Puzzle 2 - Not quite solved

Nope. Not solved.

Drawing the Line

This is the point where I stop. I don’t have any more simple crank-turning rules to hand. I could brute-force it, but that is against everything I stand for. I could look for more simple rules, but eventually I am going to fail, because Light Up turns out to be NP-complete.

So, that’s the point where I declare this code isn’t a Light Up solver, it is a Light Up helper, taking away the mundane part of the puzzle and leaving the user to solve only the hard parts.

(Just so we are clear: I am declaring this a rousing success – especially as it only took an evening to knock out, with the framework.)

Implementation Details

There was very little novel here compared to other puzzles I have discussed before.

It came in at about 400 lines, give or take, for the solver, and another 270 for the GUI.

Each cell was either a Blank Cell (to be solved), a Blank Block or a Numbered Block.

Numbered Blocks were configured with all 8 of their immediate neighbours. Each numbered block was responsible for implementing tactics A, B and D.

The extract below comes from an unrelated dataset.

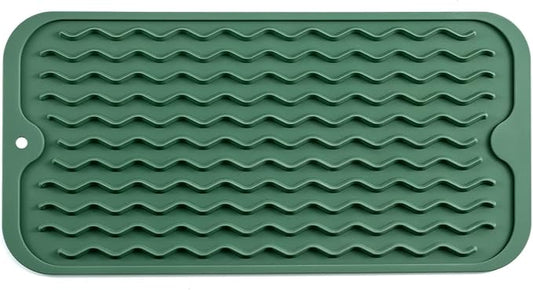 Silicone Dish Drying Mat for Multiple Usage,Easy clean,Eco-friendly,Heat-resistant Silicone Mat for Kitchen Counter or Sink,Refrigerator or Drawer Liner Green S 12 inches x 6 inches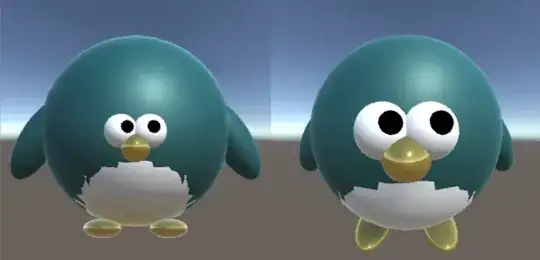 Image of a penguin, rendered through an orthographic camera on the left, and a perspective camera on the right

Blank Cells were configured with an (unordered) set of all of the other blank cells in their line-of-site. Each Blank Cell was responsible for implementing Tactic C. If it was marked as a light, it was also responsible for informing all of its line-of-site neighbours that they were empty.

Part of the elegance of the implementations of other puzzles is that each cell was responsible for figuring out its own constraints, by inspecting its neighbours. Unfortunately, this implementation wasn’t as elegant. Each of the tactics resulted in a conclusion being formed, not about the cell implementing it, but about one of its neighbours. e.g. when a Numbered Block applied Tactic A, it did not change its own state, but changed the state (via a method call) on the blank cells near it.

One minor novelty is that I added toggles to turn one or off particular tactics, so I could illustrate progress more clearly, and a screen-shot function.

Conclusion

Another success for the Puzzle Solving Framework, but not a terribly exciting one.